Imitation may help with understanding accents
I’m sure it’s happened to most people before: you meet someone with a new, interesting, or strong accent, and somewhere in your conversation with them, you feel yourself start slipping into an (often awful) imitation of their speech. When you realise you’re doing it, you feel like a bit of an idiot, and you hope they haven’t noticed.
So, it turns out that accent imitation, besides being used for intentional and accidental mockery of others, can actually help you to understand the speaker’s accent. A study in the Netherlands has shown that if accented speech is repeated, it helps the listener to better understand it.

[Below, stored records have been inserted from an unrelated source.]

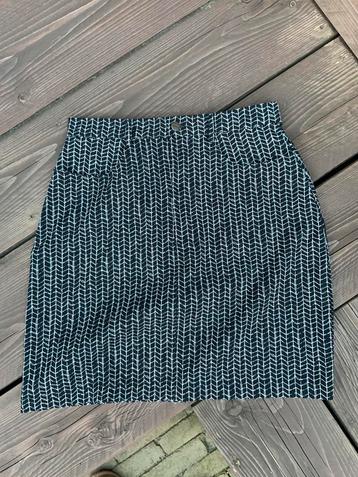 Zwart rokje met witte vissengraad van Inwear, maat 40 beschikbaar voor biedingen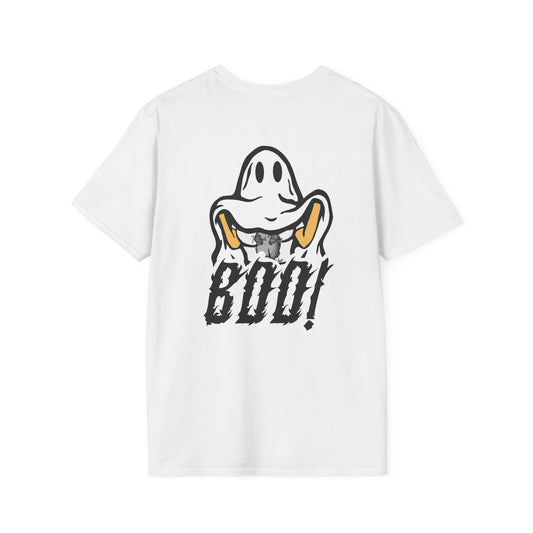 Ketchum Ghost Boo Unisex T-Shirt, Halloween Shirt, Casual Wear, Spooky Season Gift, Vintage Graphic Tee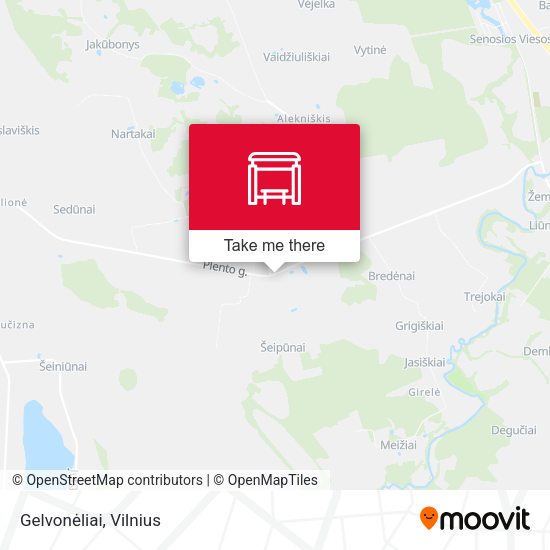 Карта Gelvonėliai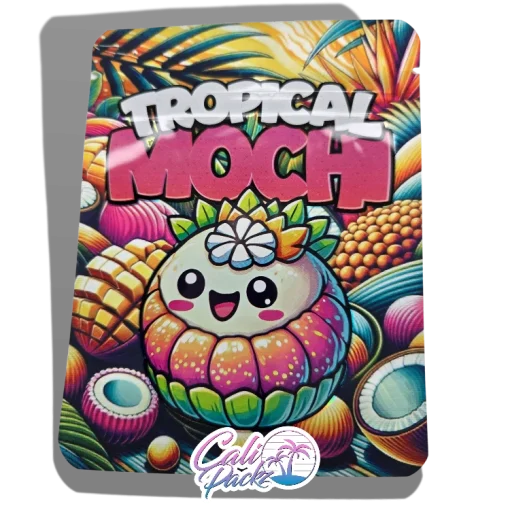 tropical moch mylar bags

The participants in the study were first asked to listen to an unfamiliar accent of Dutch. To ensure that the accent was unfamiliar to everyone, the researchers made up a new accent by doing a consistent vowel sound change. After this, the participants were asked to listen to 100 sentences in the unfamiliar accent. Participants were asked to respond to the sentences in different ways: some repeated the sentence aloud while trying to mimic the new accent, some repeated it in their own accent, some transcribed the sentence, and some only listened. When the sentences were tested again, those that had repeated using the unfamiliar accent did far better than the other groups.
Unfortunately, in real life, even if you know this information it’s not very polite to talk to someone while trying to imitate their speech patterns. I suppose if you really wanted to, you could always use this study as justification.